EX-99.H.2.Q 5 tm2031285d3_ex99-h2q.htm EXHIBIT H.2.Q

 

Exhibit h.2.q

 

Execution

 

Amendment
To

Sub-Transfer Agency And Shareholder Services Agreement

 

This Amendment To Sub-Transfer Agency And Shareholder Services Agreement ("Amendment"), dated as of August 27, 2020(“Effective Date”), is being entered into by and among BNY Mellon Investment Servicing (US) Inc. ("BNYM"), Virtus Fund Services, LLC ("Company") and each of the "Funds", which is hereby defined to mean each of the Investment Companies and each Portfolio of each such Investment Company listed on Schedule B to the Amended Agreement (as defined below).

 

Background

 

BNYM, certain of the Funds and VP Distributors, Inc., as transfer agent to the Funds, entered into the Sub-Transfer Agency And Shareholder Services Agreement as of April 15, 2011 ("Original Agreement").
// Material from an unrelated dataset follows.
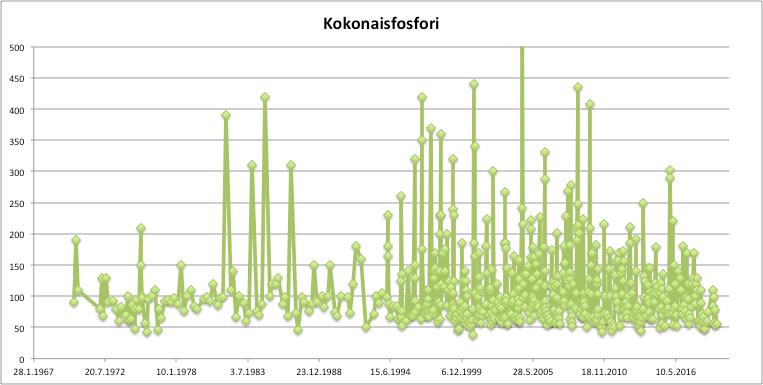 fosforipitoisuudet korkeat, ei laskevaa trendiä yhdyskuntajätevesien fosforinpoistoa tehostamalla saavutettava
VP Distributors, LLC, the surviving entity in a merger with VP Distributors, Inc. that was effective September 22, 2011, transferred all rights and obligations as transfer agent of the Funds under the Original Agreement to the Company pursuant to an Assignment and Assumption Agreement, effective as of January 1, 2013, among VP Distributors, LLC, the Company, certain of the Funds and BNYM (the Original Agreement as so assigned and amended being the "Assigned Agreement").

 

BNYM, the Company and the Funds subsequently entered into amendments to the Assigned Agreement, dated as of March 21, 2014, June 1, 2014, August 19, 2014, November 12, 2014, March 24, 2015, May 28, 2015, September 1, 2015, December 10, 2015, July 27, 2016, February 1, 2017, September 18, 2017, January 1, 2018, September 20, 2018, December 21, 2018, March 22, 2019, May 22, 2019, September 1, 2019, October 17, 2019 and November 18, 2019 (the Assigned Agreement as so amended being the "Current Agreement").

 

The parties now wish to amend the Current Agreement as set forth herein.

 

Terms

 

NOW, THEREFORE, in consideration of the mutual promises contained herein and for other good and valuable consideration, the receipt and sufficiency of which are hereby acknowledged, the parties, intending to be legally bound, agree to all statements made above and as follows:

 

1.            Modifications to Current Agreement.

 

The Current Agreement is hereby amended by deleting Schedule B and replacing it in its entirety with the Schedule B attached to the Amendment To Sub-Transfer Agency And Shareholder Services Agreement, dated as of August 27, 2020, by and among BNYM, the Company and the Funds.

 

2.            Remainder of Current Agreement. Except as specifically modified by this Amendment, all terms and conditions of the Current Agreement shall remain in full force and effect.

 

3.            Governing Law. The governing law provision of the Current Agreement shall be the governing law provision of this Amendment.

 

4.            Entire Agreement. This Amendment constitutes the final, complete, exclusive and fully integrated record of the agreement of the parties with respect to the subject matter herein and the amendment of the Current Agreement.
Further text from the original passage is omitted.